TASK DIRECTIONS ▸
Return a faithful copy of all the entries, omitting the images.
── DATA EXTRACTS
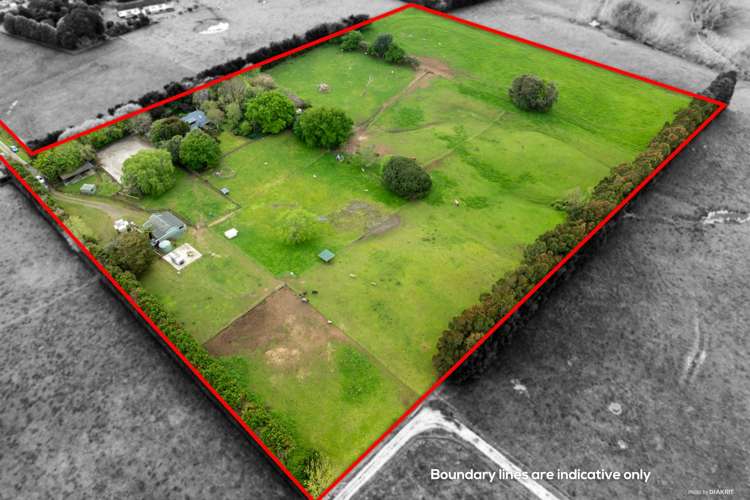 558c Waiau Pa Road Waiau Pa_29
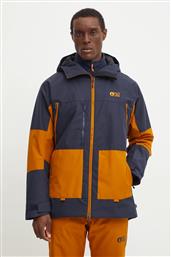 ΜΠΟΥΦΑΝ JOMOH PICTURE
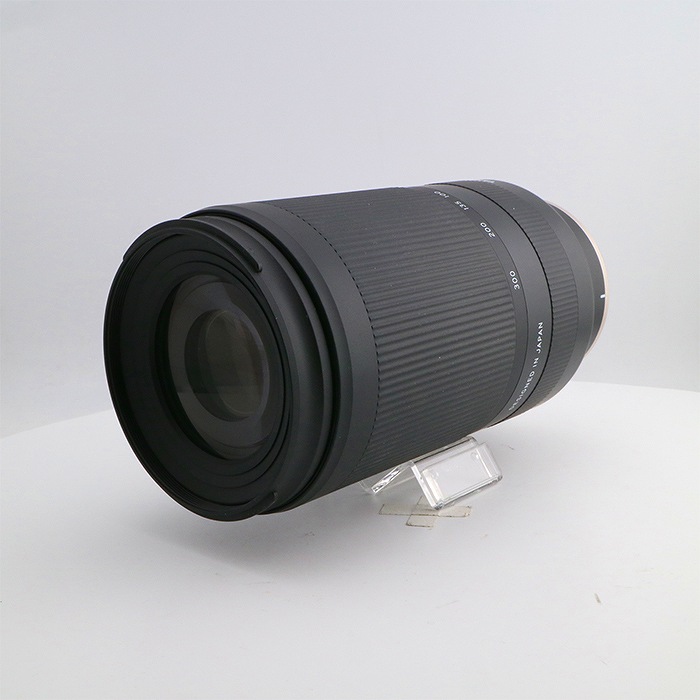 �y���Áz(�^������) TAMRON �^������ 70-300/F4.5-6.3 DI3 RXD A047SF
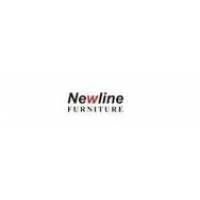 Newline Furniture, UAB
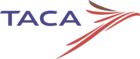 Авиакомпания LACSA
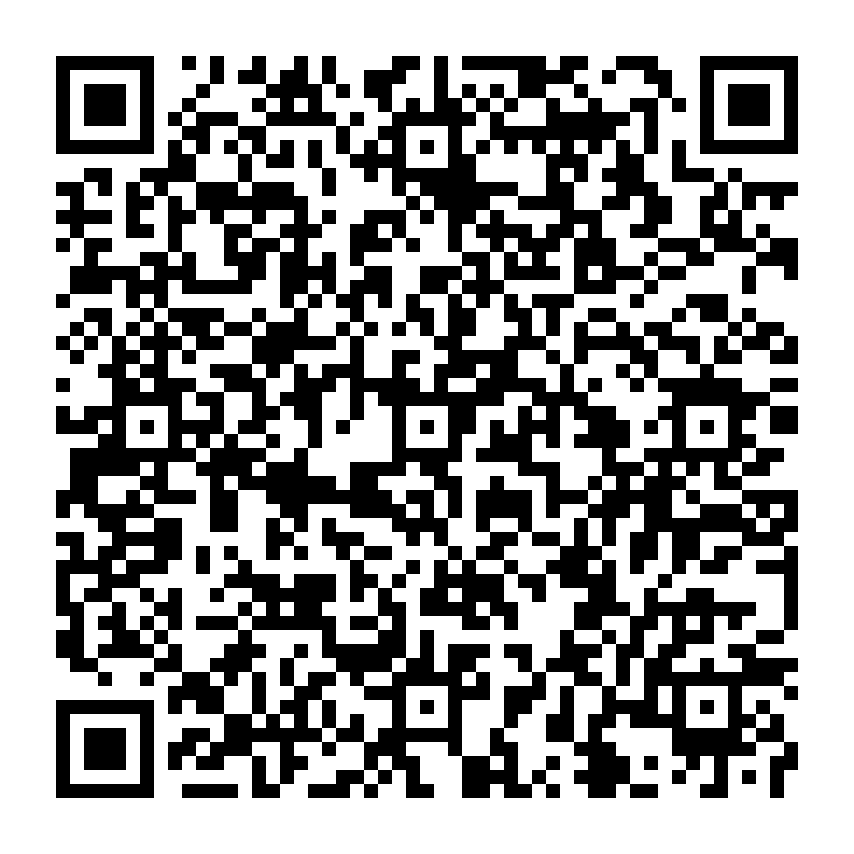 QR-code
────
WRITTEN SOLUTION ▸
 558c Waiau Pa Road Waiau Pa_29
 ΜΠΟΥΦΑΝ JOMOH PICTURE
 �y���Áz(�^������) TAMRON �^������ 70-300/F4.5-6.3 DI3 RXD A047SF
 Newline Furniture, UAB
 Авиакомпания LACSA
 QR-code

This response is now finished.